Ken Thwaites has been ringing the bells at the same spot for twelve Christmas seasons. He says it's a rewarding experience because it gives people a chance to enjoy the opportunity to give.
“People seem to enjoy giving, they enjoy it,” says Thwaites. “The way I look at it, what we do, we provide a method, a vehicle for people to give to less fortunate Calgarians.
Shoppers drop money into the Salvation Army kettle on the upper level of Southcentre mall. Many go out of their way to come to this kettle to visit an old friend.
For the mall, Ken's presence is a good fit.
“I think there are people who probably come back and look for him every year,” says Krista Moroz, a representative of Southcentre. “He has a great personality, he's always very friendly you want to go up to his kettle, you want to put money in for him.”

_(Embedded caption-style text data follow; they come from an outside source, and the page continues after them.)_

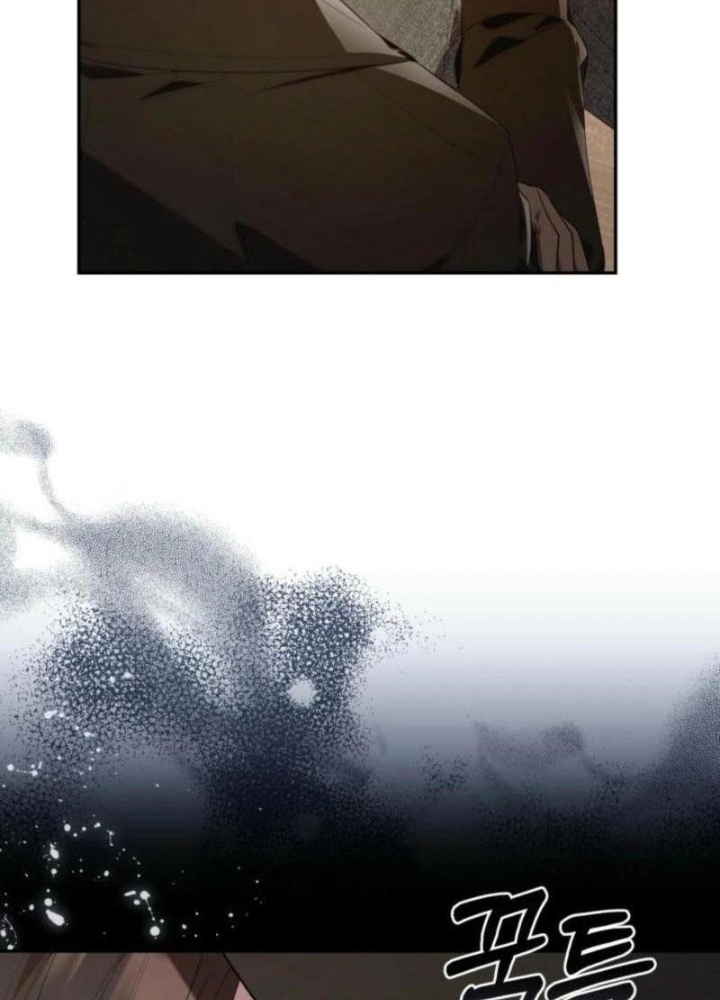 Hunter Của Lớp Gà Con Đang Báo Hiếu! Chapter 30 - Trang 2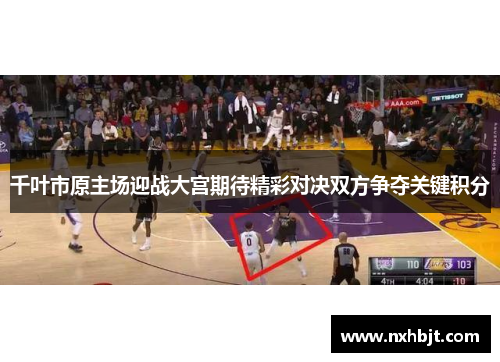 千叶市原主场迎战大宫期待精彩对决双方争夺关键积分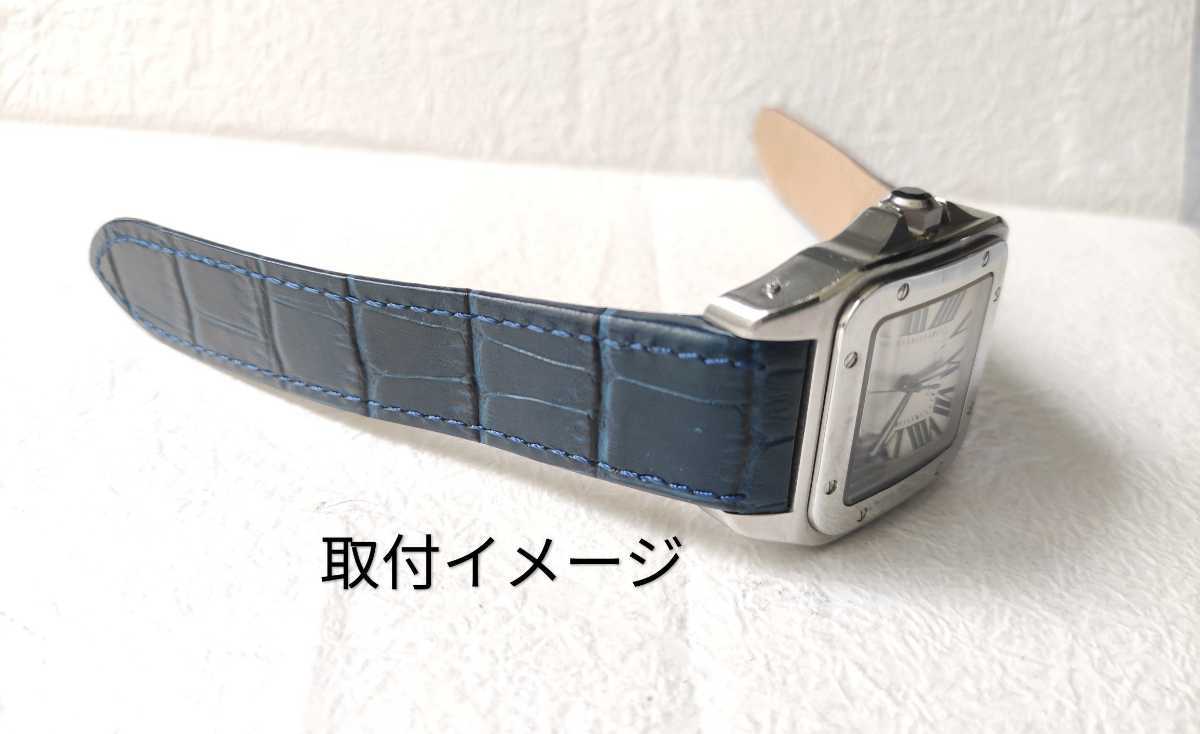 23mm 腕時計 交換用 レザー 革 ベルト ネイビーブルー 紺 【対応
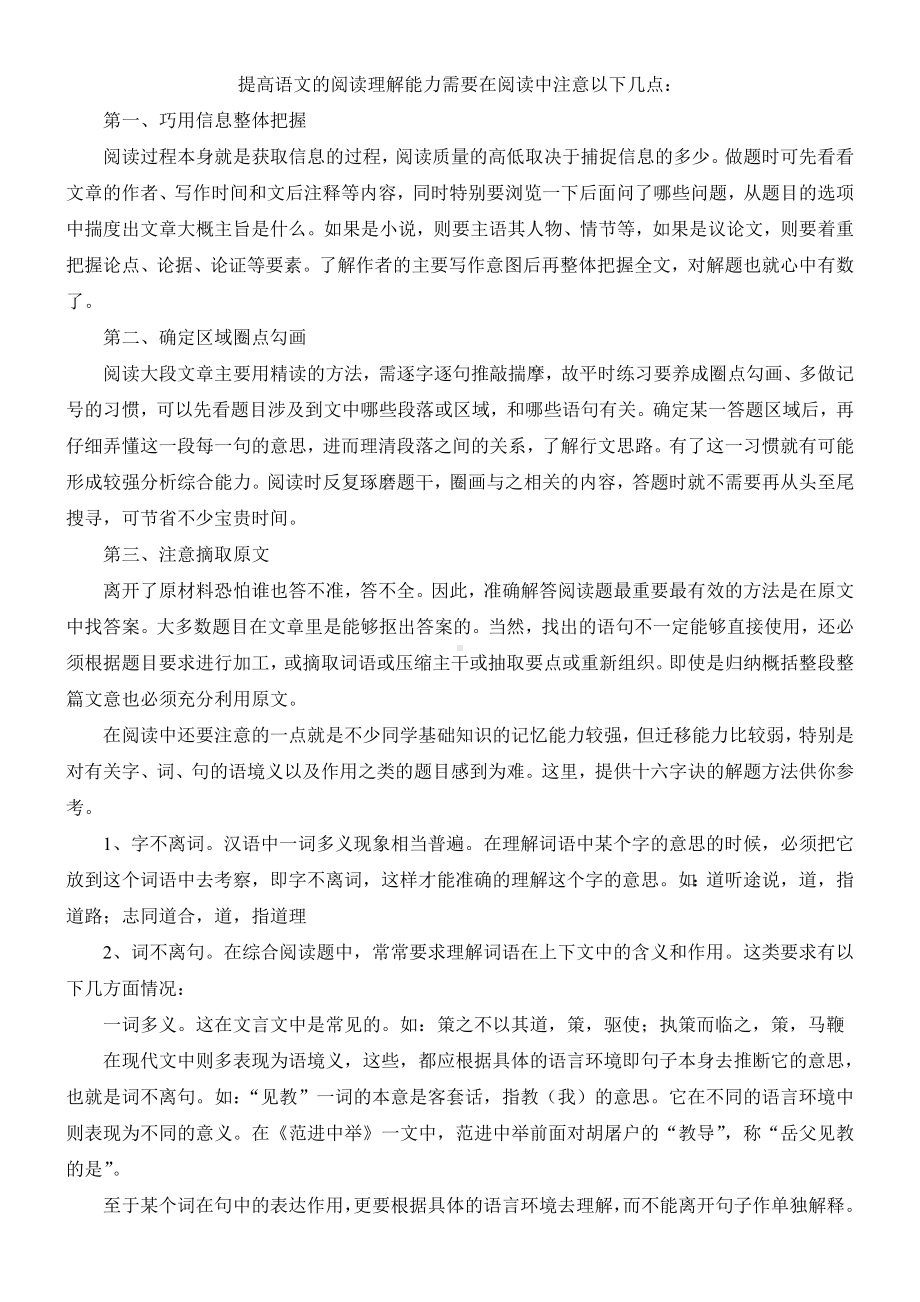 中考语文-提高语文的阅读理解能力需要在阅读中注意以下几点-.doc_第1页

Thwaites loves it when children come to put money into the kettle. He says for many parents it's a way of introducing their kids to the importance of giving.
“A lot of them will, as they walk away, say you know ‘Where does that money go?” says Thwaites. “They tend to explain to the kids that it goes to people that don't have as much as we have.”
It's always a challenge for the Salvation Army to get enough bell ringers, so having Ken volunteer so much time is a real benefit. Captain Pam Goodyear says Ken’s contribution to the cause is immeasurable.
“Ken is always recruiting volunteers too because he's able to talk to his friends and those he meets about what a positive experience it is,” says Goodyear. “You get to hear some great stories when you stand at the kettles as people donate they'll often tell you how they've been helped.”
Ken Thwaites says his greatest satisfaction is the knowledge that he's made a difference.
“When I sit down to Christmas dinner it's gonna be a good feeling to know that there's other people sitting down to Christmas dinner that may not have been if it wasn't for those of us who stand here with the kettles.”
For what he does to help many families have a Merry Christmas, Ken Thwaites is this week’s Inspiring Albertan this week.